De onvolprezen ‘Global Warming Policy Foundation’ (GWPF) heeft onlangs een nieuw rapport uitgebracht van de hand van Matt Ridley, getiteld: ‘The Climate Wars and the Damage to Science.’ Het is een bundeling van artikelen die reeds eerder zijn verschenen, voorzien van een nieuw voorwoord.

Ridley, die vroeger wetenschapsjournalist was voor ‘The Economist’, is thans lid van het Britse Hogerhuis voor de conservatieven. Maar naast deze besognes schrijft hij nog steeds de sterren van de hemel, waarbij hij vooral stelling neemt tegen wat Bjørn Lomborg de ‘litanie van milieuangsten’ heeft genoemd en in het bijzonder AGW (‘Anthropogenic Global Warming’: door de mens veroorzaakte opwarming van de atmosfeer).

Ik pik er een aantal krenten uit.

At the heart of the debate about climate change is a simple scientific question: can a doubling of the concentration of a normally harmless, indeed moderately beneficial, gas, from 0.03% of the atmosphere to 0.06% of the atmosphere over the course of a century change the global climate sufficiently to require drastic and painful political action today? In the end, that’s what this is all about. Most scientists close enough to the topic say: possibly. Some say: definitely. Some say: highly unlikely. The ‘consensus’ answer is that the warming could be anything from mildly beneficial to dangerously harmful: that’s what the IPCC means when it quotes a range of plausible outcomes from 1.5 to 4 degrees of warming.

On the basis of this unsettled scientific question, politicians and most of the pressure groups that surround them are furiously insistent that any answer to the question other than ‘definitely’ is vile heresy motivated by self-interest, and is so disgraceful as to require stamping out, prosecution as a crime against humanity, investigation under laws designed to catch racketeering by organized crime syndicates, or possibly the suspension of democracy.
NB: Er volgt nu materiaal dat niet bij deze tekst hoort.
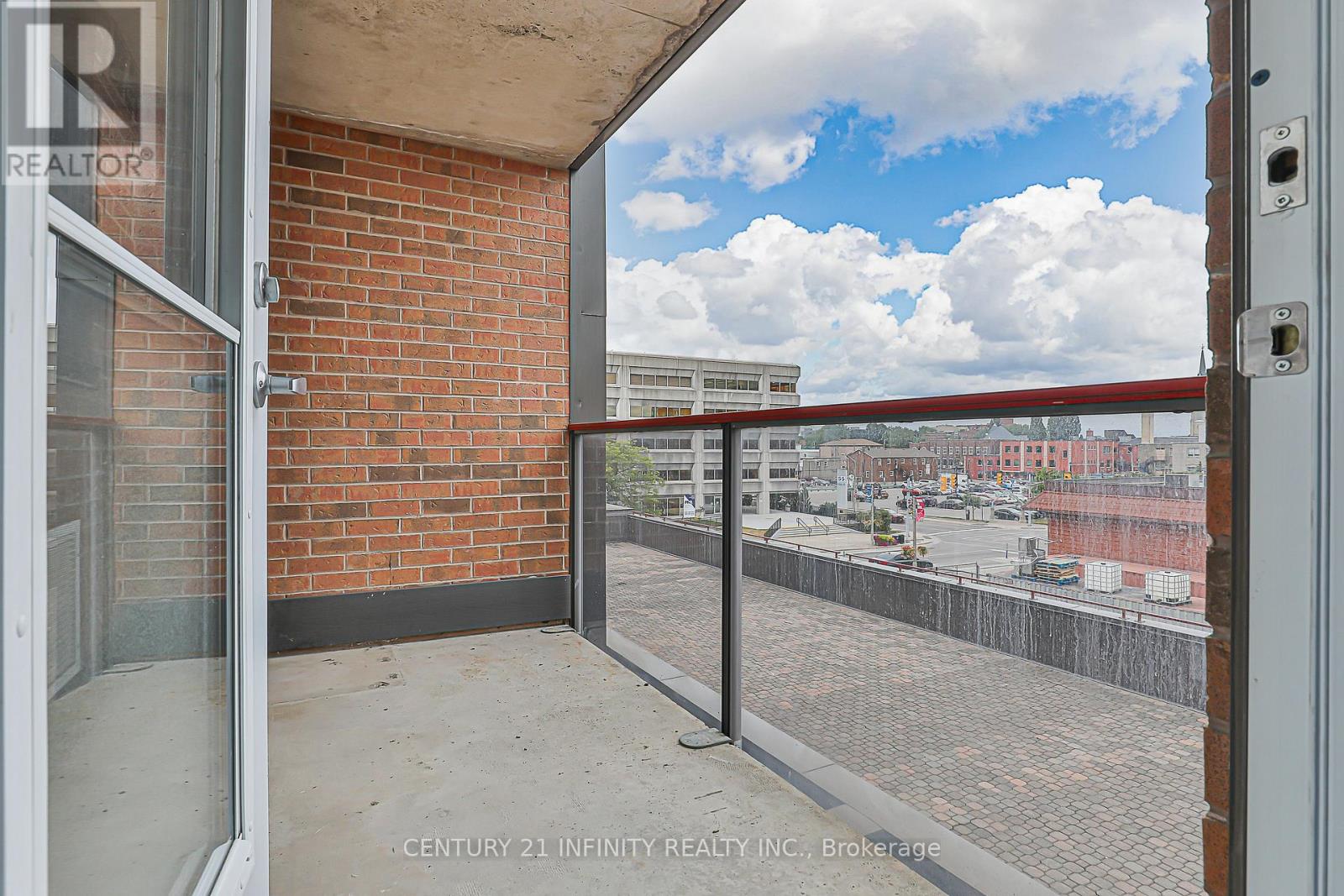 306 - 80 Athol Street E, Oshawa, Ontario  L1H 8B7 - Photo 19 - E12381144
For yes, that is what has been repeatedly proposed by respected and senior figures in the climate debate.

James Hansen, former head of Nasa’s Goddard Institute and the man whose congressional testimony in 1988 kick-started the whole debate, said a few years back, of fossil fuel company executives: ‘In my opinion, these CEOs should be tried for high crimes against humanity and nature’. …
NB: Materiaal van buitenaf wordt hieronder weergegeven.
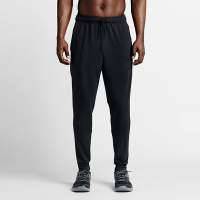 Мужские брюки для тренинга Nike Dry 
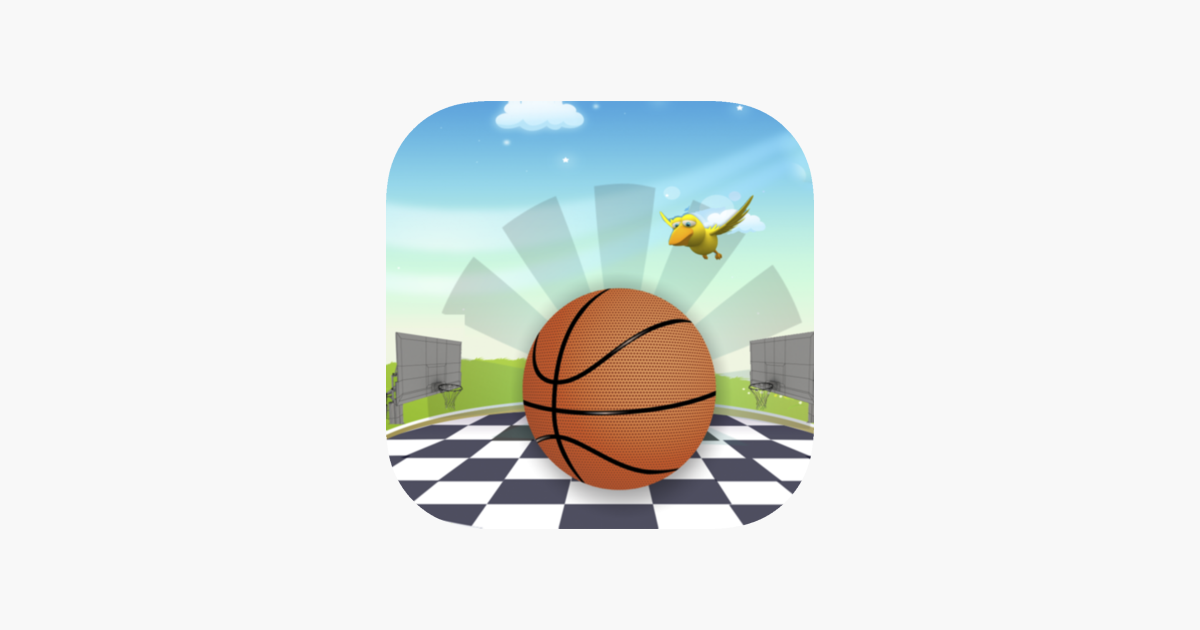 Games like Real Basketball MultiTeam Game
To me, given that most environmental scares never turn out as bad as first feared, given that climate change has proceeded much more slowly and mildly than expected since 1990, and given that there is now a vast vested industry in alarm, thanks to munificent public funding, this feels like an over-reaction.
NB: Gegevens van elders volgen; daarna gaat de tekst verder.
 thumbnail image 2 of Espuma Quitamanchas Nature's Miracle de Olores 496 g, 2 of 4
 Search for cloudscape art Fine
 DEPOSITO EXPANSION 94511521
That is to say, although I am in the ‘possibly’ camp, above, I cannot understand why so many people who should know better – in science academies, in parliaments and in international agencies – tolerate this vicious intolerance of a different position, let alone join in with it. Nor can I understand how so many politicians and scientists have grown more confident, not less, that future global warming will be catastrophically dangerous, even as estimates of climate sensitivity have come down and as real-world warming has consistently underperformed models, with the discrepancy growing larger every year. …

Most disappointing of all is the way that science – especially the leaders of the world’s science academies – have joined in with gusto, not just demonizing those who say they are not convinced we face catastrophe, but turning a blind eye to the distortion and corruption of the scientific process itself. That’s what this essay is about.

I am a ‘lukewarmer’: somebody who has come to think that climate change is likely to continue to be slow and mild, and that much greater humanitarian and environmental problems deserve more attention. I meet a lot of people who are skeptical and a lot of people who are alarmed. The latter have all the plum jobs, hefty grants and fat salaries. Yet respect for the scientific method is far more prevalent among the former.
I genuinely worry that science itself is being damaged by this episode.

Ridley vervolgt dat hij vroeger altijd vertrouwen had in het zelfreinigend vermogen van de wetenschap. Maar thans gelooft hij daar niet meer in. Slechte ideeën kunnen decennialang voortleven door politieke steun en monopolisering van de wetenschap. Verschillende wetenschappers hebben zich als ‘cheerleaders for alarm’ ontpopt.

Vervolgens gaat hij in op de beruchte consensus. Wat houdt die eigenlijk in?

The IPCC actually admits the possibility of lukewarming within its consensus, because it gives a range of possible future temperatures: it thinks the world will be between about 1.5 and 4◦C warmer on average by the end of the century. That’s a huge range, from marginally beneficial to terrifyingly harmful, so it is hardly a consensus of danger, and if you look at the ‘probability density functions’ of climate sensitivity, they always cluster towards the lower end.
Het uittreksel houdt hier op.